21 Days Of Prayer | Day 20 - West Ridge Church

Prayer Guide: Day 20

“O Lord, my heart is not lifted up; my eyes are not raised too high; I do not occupy myself with things too great and too marvelous for me. But I have calmed and quieted my soul, like a weaned child with its mother; like a weaned child is my soul within me. O Israel, hope in the Lord from this time forth and forevermore.” Psalm 131  

What is anxiety? Technically, anxiety is the way our bodies respond to fear and worry—it’s the physical response to a mental state. As we’ve seen (and maybe experienced), it can drastically affect us and interfere with the quality of our lives. According to reports, around 50% of people feel anxious day-to-day; the younger the age, the higher the statistic. In Psalm 131, the writer closes with a “calmed and quieted soul” but how did he get there?

First, he destroyed the idols of his heart. Biblically, the “heart” is the operating center of our being. It is who we are and what we want most deeply. The Psalmist says that his heart isn’t lifted up. He isn’t desiring or pursuing things not meant for him. When our hearts are oriented around the stuff of this world rather than the person of Christ, they depend upon what can be lost and can’t uphold the weight of our souls. When our hearts are oriented around Christ—who He is and what He’s done—things remain in their proper state. We receive and enjoy things without worshiping them. They can be taken away or given away without crushing our souls and destabilizing our lives.

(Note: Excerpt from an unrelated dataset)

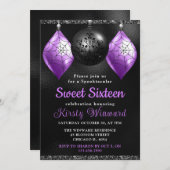 ブラック&パープルハロウィーンオーナメントスイーツ16 招待状 (正面/裏面)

Second, he disciplined the thoughts of his mind. In Jewish culture, the eyes were always used to talk about the mind. The Psalmist says his eyes “are not raised too high,” but what does that mean? The next line explains: “I do not occupy myself with things too great and too marvelous for me.” He’s battling against that deeply ingrained part of us that wants to be God, that part of us that doesn’t trust Him to take care of us and therefore feels the need to worry and concern ourselves with things never meant for us.

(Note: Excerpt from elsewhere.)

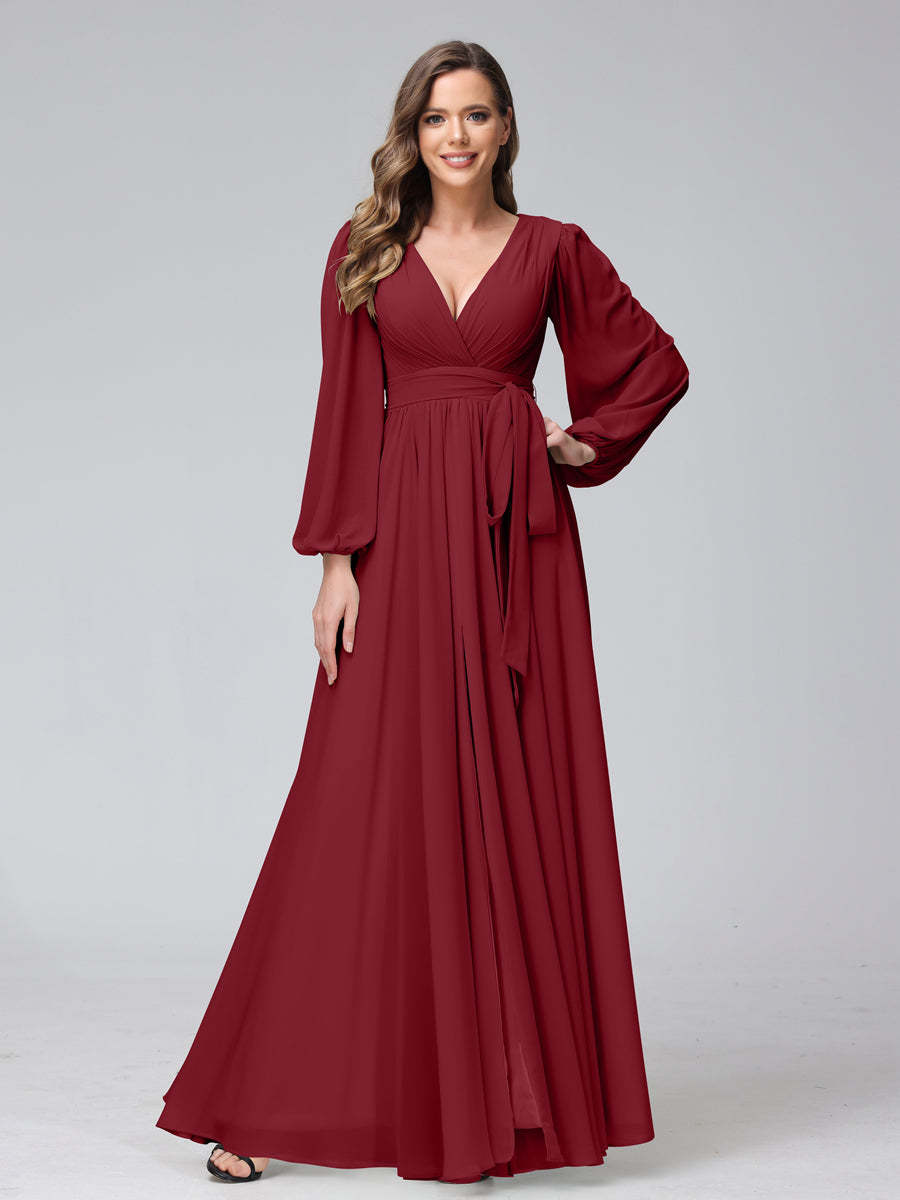 Chiffon Bridesmaid Dress with V-Neck, Long Sleeves, and Side Split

It’s important to note that this Psalm is both a prayer to God and a declaration to himself. He is commanding his heart and mind while asking God for help at the same time. Our thoughts and emotions don’t tend to fall into place by accident. They must be led. Thankfully, God helps us with this. The writer closes by drawing a rare picture of God as a nurturing mother and himself as a baby content to rest in his mother’s arms. Is this baby concerned about the future—whether it will have enough or be enough? No. If you believe God is small and unable to provide for you or care for you, you can be tempted to place yourself on the throne and melt beneath the weight of it all. But God isn’t small. He doesn’t need your help being God. If you believe God isn’t concerned about you or involved with the details of your life, it’s easy to feel the need to grasp and try to secure things for ourselves anxiously. But He isn’t passively standing by; He is working because He cares.

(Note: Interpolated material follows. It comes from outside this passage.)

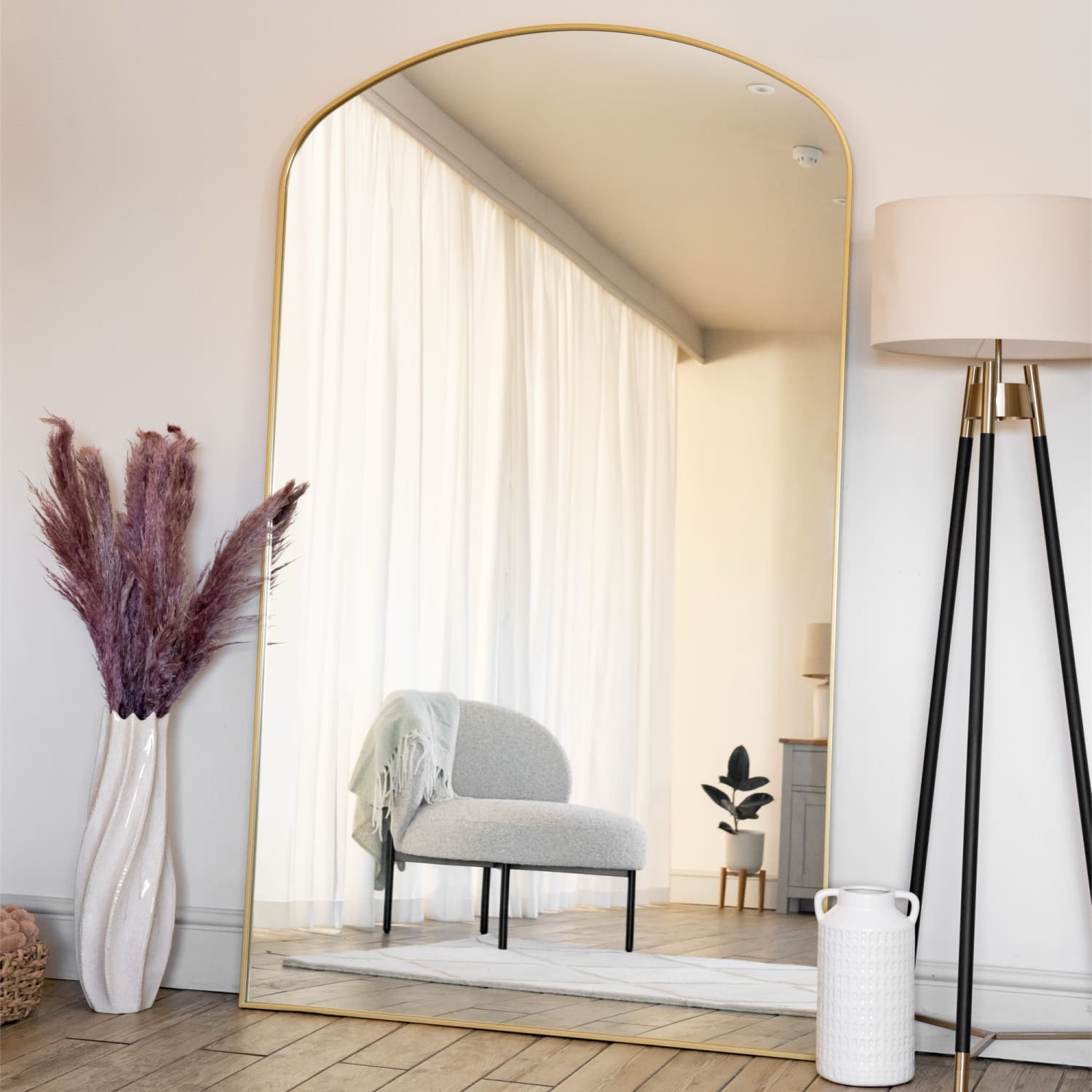 Yoko - Gold Metal Gentle Arch Mirror - 200cm x 120cm - White Bear Furnishings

If you need proof, look at the cross where the power of God to conquer sin, death, and hell and the care of God to love you, serve you, and make a way for you was on full display for you to be certain—once and for all—that God can be trusted to take care of you. You don’t have to lift your heart up; you can have a settled heart. You don’t have to raise your eyes too high; you can have a present mind. You don’t have to occupy yourself with things too great and marvelous for you; you can quiet your soul.

Personal Prayer Focus

As you pray today, examine your heart and response to God’s sovereignty, care, and provision in your life. Ask the Lord to reveal anything that’s become an idol, and pray that He will dismantle patterns of attempted self-sufficiency that keep you from trusting in and depending on him.

WRC Prayer Focus 

Our Pastor has often said, “For what’s at stake, do whatever it takes.” Years ago, we conducted a study showing that more than 85% of the 357,000 people in our community remain unchurched. We believe that every single one of those people deserves an opportunity to hear and respond to the Gospel of Jesus. In response, we launched our vision fund—an initiative focused on doing whatever it takes. As you draw near to God in prayer, ask that He unite our entire church around the vision of seeing our neighbors become fully devoted followers of Jesus.